Abstract
This brief methods paper is being published concomitantly with “Preliminary Incidence and Trends of Infections Caused by Pathogens Transmitted Commonly Through Food— Foodborne Diseases Active Surveillance Network, 10 U.S. Sites, 2016–2021” in Morbidity and Mortality Weekly Reports (MMWR). That article describes the application of the new model described here to analyze trends and evaluate progress towards the prevention of infection from enteric pathogens in the United States.
In 2022, we implemented a new model for estimating trends in illnesses in the ten U.S. sites conducting population-based surveillance for laboratory-confirmed enteric illnesses as part of the Foodborne Diseases Active Surveillance Network (FoodNet). This model was developed to address some limitations of the model used in earlier annual FoodNet reports. Principal improvements include the use of spline regression, an interaction term between site and year, and the treatment of year as continuous (the previous model treated year as a categorical variable). The new method reduces sensitivity to single-year aberrations (e.g., outbreaks), accounts for site-specific trends, and reduces biases toward more populous sites (Figures 1 & 2).
The new Bayesian model builds on the previous frequentist model; both are negative binomial models with a log link function and a log offset for the population of each site each year. The previous frequentist model estimated illness count as a function of a categorical year variable and a second categorical variable, called site-entry year, that represented the year a given county in a given site started FoodNet surveillance (1).
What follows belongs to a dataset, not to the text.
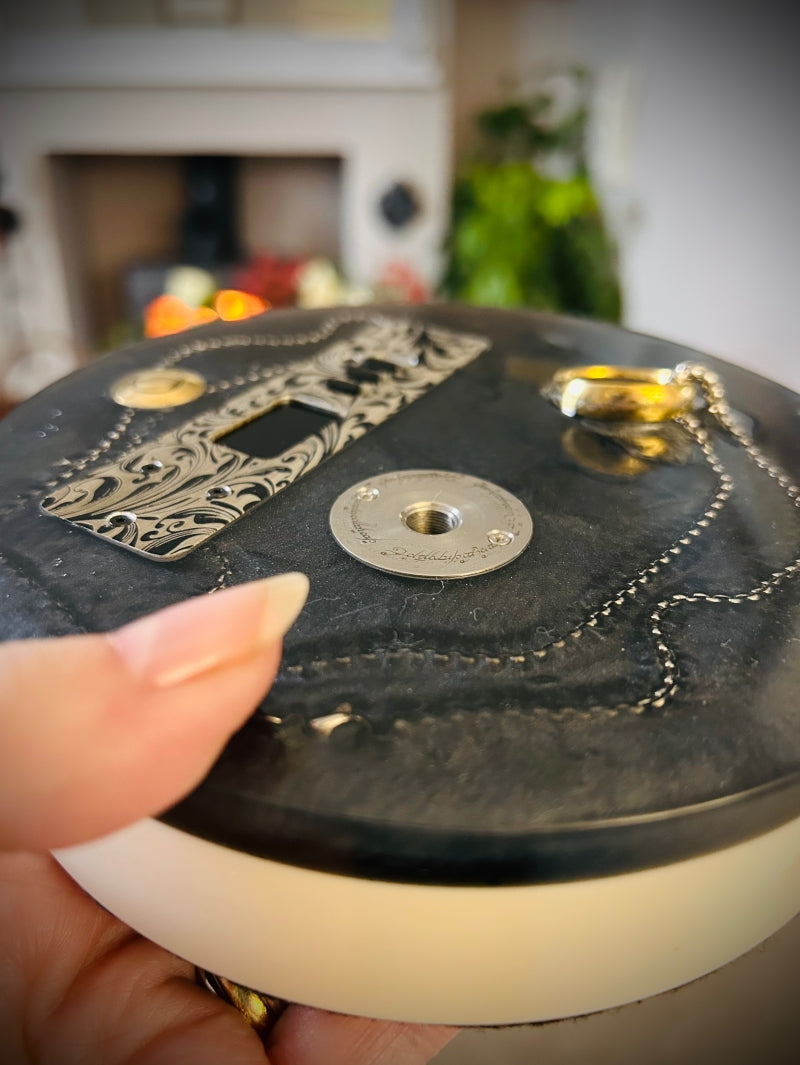 Evolv DNA75c Single 18650 build stand ohm reader LOTR one ring edition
A modified Bayesian version of the previous frequentist model was implemented using an improper flat prior for the fixed effects and a fixed effect of site (instead of site-entry year) to enable comparison between the previous frequentist model and the new Bayesian model described here (Figures 1 & 2).
In the new model, illness count is modeled as a function of site and year, which is treated as a continuous variable. The new model allows for the estimation of separate, site-specific trends using penalized thin plate regression splines. These types of splines were selected because they provide computationally efficient, stable, and optimal low-rank approximations compared with thin plate splines, (ii) avoid issues related to knot placement through truncated eigen-decompositions, and (iii) allow model selection using methods dependent on model nesting (2). The priors and the value of the basis function used to represent the smooth term for the thin plate regression splines were set to the package default. For the fixed effects, an improper flat prior was used. For the splines, a half student-t prior was used with the scale parameter dependent on the standard deviation of the transformed response.
The new model was implemented with 6 chains and 10,001 iterations using the brms package (version 2.14.0) in R (version 3.6.2). Splines were implemented in the brms model using the s() function with the by parameter set to site so that separate site-specific splines were fit for each of the 10 sites. The new model generated a posterior predictive distribution of estimated mean log illness counts for each site in each year. We obtained samples from this distribution using the add_linpred_draws function in the tidybayes package (version 2.1.1) and exponentiated them. Illness estimates across sites were then summed for each draw-year combination to generate a distribution of illness estimates for the entire FoodNet catchment population for each year during the study period. Median incidence estimates and equal-tailed 95% credible intervals (CrI) were calculated for each year using these catchment-level distributions. The median and 95% CrIs were converted to incidence per 100,000 using the FoodNet catchment population for the specified year. To determine if incidence increased, decreased, or stayed the same, incidence estimates for the most recent year were compared with one or more reference year periods. For example, in the MMWR report published concomitantly with this paper, incidence estimates for 2021 were compared with average incidence estimates for 2016–2018. The incidence estimates for 2021 and the reference period were then used to calculate the percentage change for 2021 compared with the reference period.
Data Availability
All data requests should be submitted to the Foodborne Diseases Active Surveillance Network, Enteric Disease Epidemiology Branch, Division of Foodborne, Waterborne and Environmental Disease, National Center for Emerging and Zoonotic Infectious Diseases, US Centers for Disease Control and Prevention.
Ethics Statement
This activity was reviewed by US Centers for Disease Control and Prevention, National Center for Emerging and Zoonotic Infectious Diseases’ human subjects advisor, who determined that this effort was non-human-subjects research and exempt from IRB review.
Data Availability Statement
All data requests should be submitted to the Foodborne Diseases Active Surveillance Network, Enteric Disease Epidemiology Branch, Division of Foodborne, Waterborne and Environmental Disease, National Center for Emerging and Zoonotic Infectious Diseases, US Centers for Disease Control and Prevention.
Funding Statement
No external funding was used for this project.